1- How big is the smallest tank (container) I could use?
2- Do they need filtration?
3- What kind of food?
4- Are they compatible with snails? I would want a mix of snails and shrimp, and maybe even some other compatible inverts

What else do I need to know? Or even other little comments! I'm always eager to learn, even if you guys tell me that I can't have shrimp


----------



## bmlbytes (Aug 1, 2009)

1- How big is the smallest tank (container) I could use? - 5 gallons to survive, 15 gallons to breed.
2- Do they need filtration? - It would be preferred. Use a sponge filter or a very small HOB filter with a prefilter.
3- What kind of food? - Shrimp are opportunistic feeders and will eat almost anything. Feed them sinking fish food. 
4- Are they compatible with snails? I would want a mix of snails and shrimp, and maybe even some other compatible inverts. - Adult snails and shrimp will not likely hurt each other, but you will not get babies for either. Baby shrimp are awesome.


----------



## iheartfish:) (Jan 19, 2011)

okay, no shrimp for me  thanks, though! I think I'd rather dedicate my resources at this time to multies.


----------



## emc7 (Jul 23, 2005)

How are your multies doing? Mine are finally beginning to produce. After waiting forever to get 2 fry, there is now a larger number of a smaller size.


----------



## bmlbytes (Aug 1, 2009)

iheartfish:) said:


> okay, no shrimp for me  thanks, though! I think I'd rather dedicate my resources at this time to multies.

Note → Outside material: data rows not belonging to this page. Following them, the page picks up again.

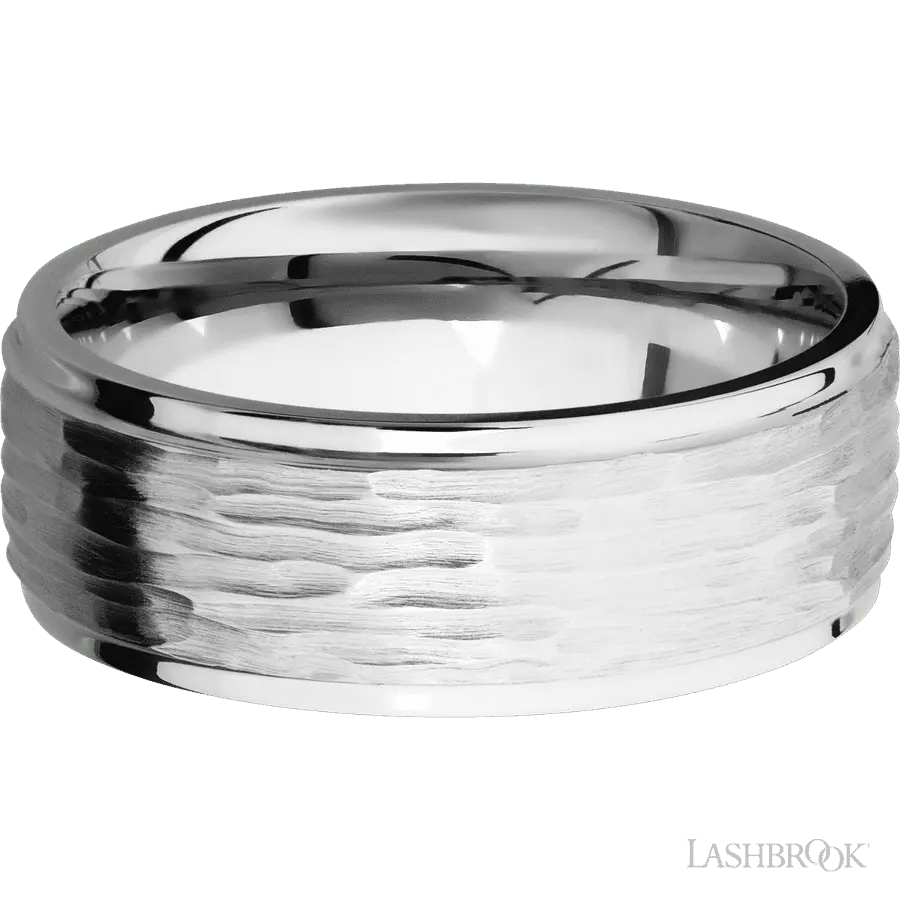8 mm wide Flat Grooved Edges 14K White Gold band. Lashbrook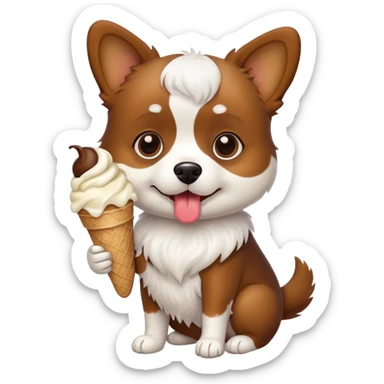 Little dog with ice cream  sticker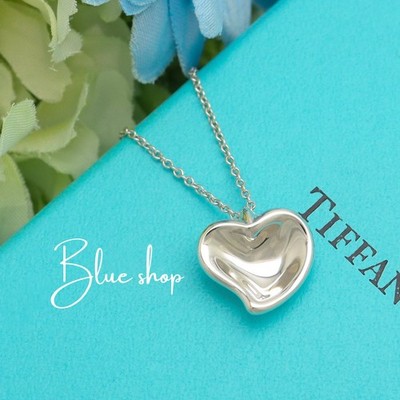 Tiffany Elsa Peretti Curved Full Heart Pendant Necklace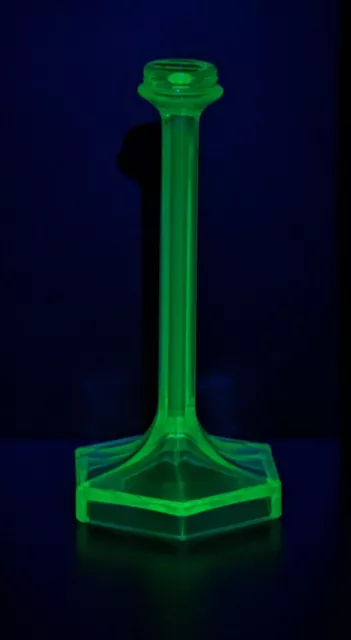 Antique Vtg Art Deco Green Uranium Vaseline Glass Candlestick Lamp Base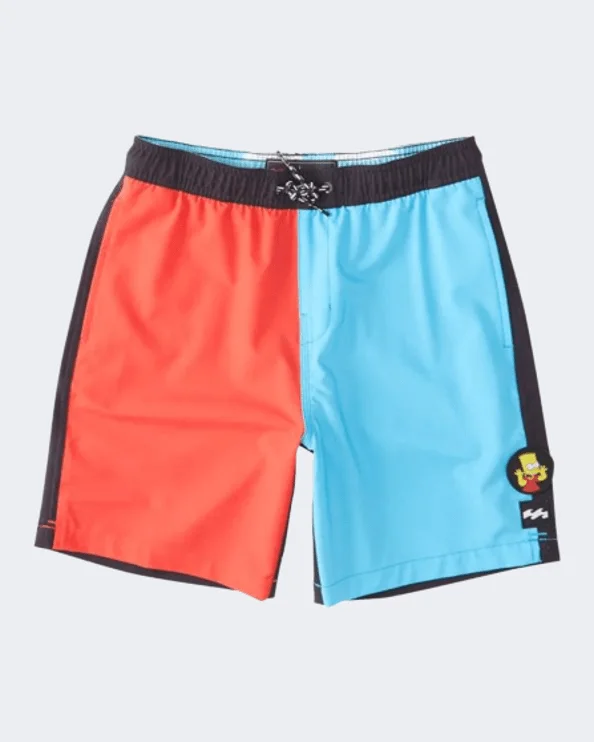 Billabong Simpsons Slingshot Layback Boys Beach Swim Short Blue/Orange/Black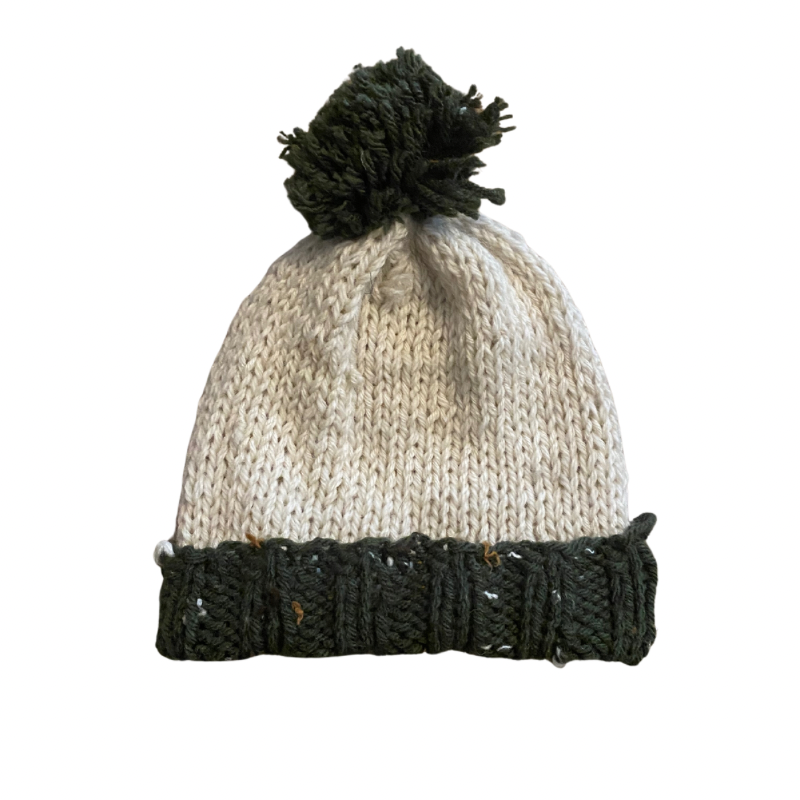 Forest Green/Wintery White Handknit Beanie with Pom-Pom (S)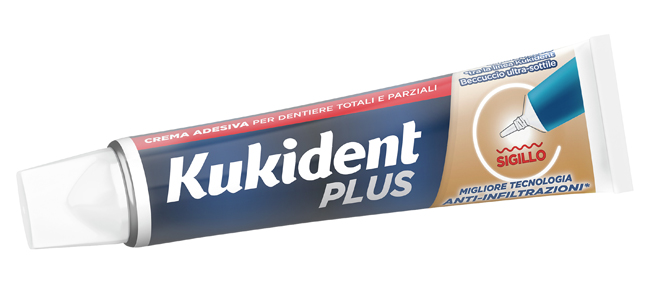 KUKIDENT PLUS BARRIERA ANTI-CIBO NEUTRO CREMA ADESIVA DENTIERE 40 G - farmacia015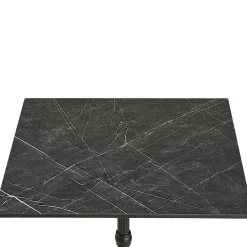 Table bistrot carrée effet marbre gris pied fonte 60 cm TORANO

Really? After you set up the tank originally, shrimp are probably some of the easiest pets to take care of.


----------



## iheartfish:) (Jan 19, 2011)

Ooops, sorry, I don't have them yet. If all goes well, and I mean IF, then I should be getting some around december 2nd. Again, IF  lol, but everything has been approved by the boss (mom ) so I will get some. Just yesterday I did some aquascaping, too.

Congratulations on the fry!!!!

Oh, and can I keep a shrimp or two with the multies? Just thought it would be nice.


----------



## lohachata (Jan 27, 2006)

the wife is now keeping scrimps...
here is a pic on how she has them....
big plastic pretzel jugs...also a couple of big square animal cracker jugs.....
oh yeah...tha's one of my guppy breeding tubs behind the jugs..


----------



## ZebraDanio12 (Jun 17, 2011)

Loha, is that outside? What plants are those? Post pics of your guppies sometime!


----------